◆ COLLECTED MATERIAL ◆
--*--

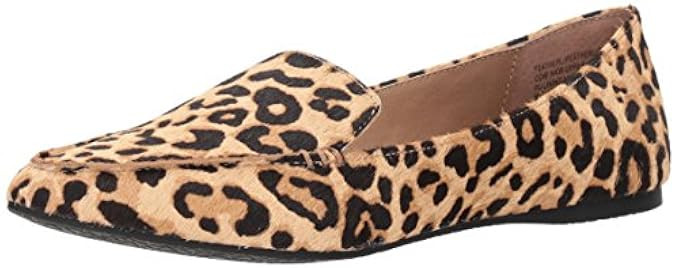 Steve Madden Women's FEATHERL Loafer Flat | Amazon (US)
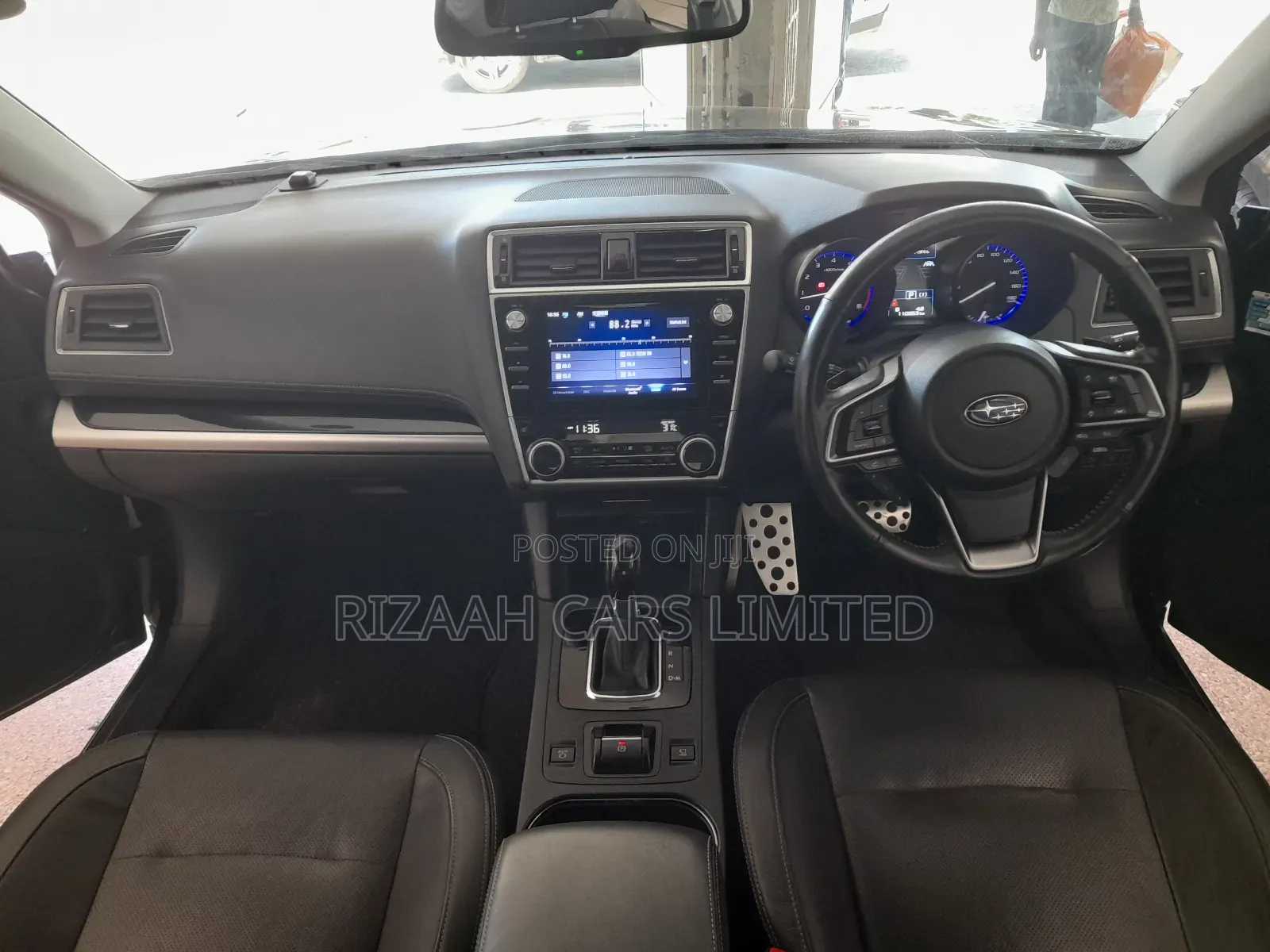 Subaru Legacy 2.5i Premium AWD 2019 Black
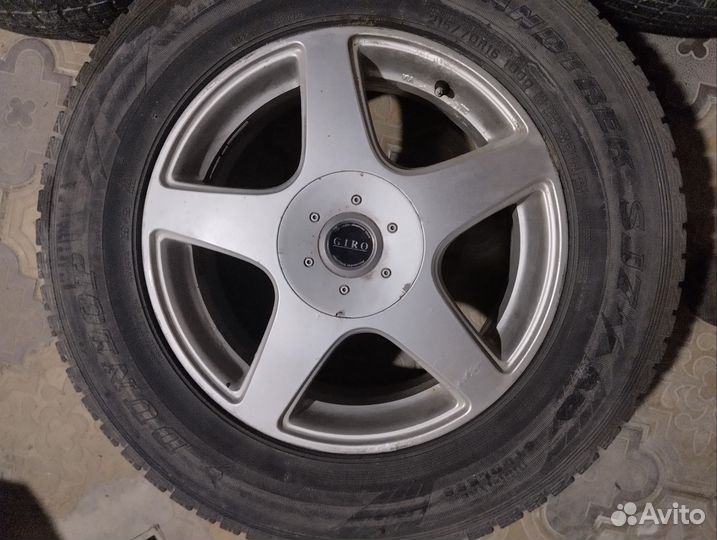 Диски литые р16 5-114.3 5-100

--*--

◆ WHAT IS EXPECTED ◆
Could you return exactly the lines starting with the one that contains "Subaru Legacy 2.5i Premium AWD 2019 Black" and ending with the last line of the data above? Leave the pictures out.

◆ EXERCISE RESULT ◆
 Subaru Legacy 2.5i Premium AWD 2019 Black
 Диски литые р16 5-114.3 5-100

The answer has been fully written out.